Mackenzie Eaglen of the American Enterprise Institute described a few of sequestration’s more deleterious effects, and noted that some of them were already being felt. Military intelligence is a part of defense spending threatened by the impending budget cuts. With 68,000 troops in Afghanistan, it’s paramount that our troops get the intelligence they deserve.
Defense contractors have started issuing layoffs. Many of their suppliers are single-source suppliers, and, should those suppliers exit the market, military preparedness will be jeopardized. Eaglen also pointed out the U.S. Navy’s plan to reduce the number of ships from 285 to 235 over the next 10 years. She characterized such plans as “projecting weakness to our allies and to our enemies.”
Peter Brookes, a senior fellow at Heritage, warned that “the United States is unilaterally disarming in an increasingly dangerous world.” In the panel’s estimation, these increasing dangers include Iran. This state sponsor of terrorism continues to pursue its nuclear ambitions, and is probably just one or two years from achieving its goal. Iran has threatened to close the Strait of Hormuz, and remains in possession of one of the largest (if not the largest) stock of ballistic missiles in the region. Despite 10 years of negotiations, Iran has given no indication of abandoning its nuclear agenda. Brookes equated it to Einstein’s definition of insanity: continuing to do the same thing expecting different results.
Brookes also noted that Syria has entered its 18 month of “revolution,” but there’s still no sign of violence abating anytime soon; and that North Africa is currently the region where Al-Qaeda is most active. It’s essential the United States does not lose its access to these parts of the world.
Responding to the argument that the United States is spending too much on defense, Robert Zarate, policy director at the Foreign Policy Initiative, brought some interesting facts to light. When President Eisenhower coined the phrase, “the military-industrial complex” in 1961, 51 cents of every dollar spent by the federal government was spent on defense, while 37 cents of every dollar spent by the federal government was spent on domestic programs. Today, less than 20 cents of every dollar spent by the federal government is spent on defense, while more than 70 cents of every dollar spent by the federal government is spent on domestic programs.

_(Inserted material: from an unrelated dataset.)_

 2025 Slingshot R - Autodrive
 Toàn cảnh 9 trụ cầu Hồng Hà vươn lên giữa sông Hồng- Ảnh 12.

Zarate mentioned the recent violence in places like Egypt, Yemen, and North Africa, and the implications they might have for the United States going forward. He also talked about the rise of China and the need for the United States to not lose focus on the East. He called the United States that “indispensible pillar in the international system” and pointed out that “we haven’t seen a great-power war since 1945.”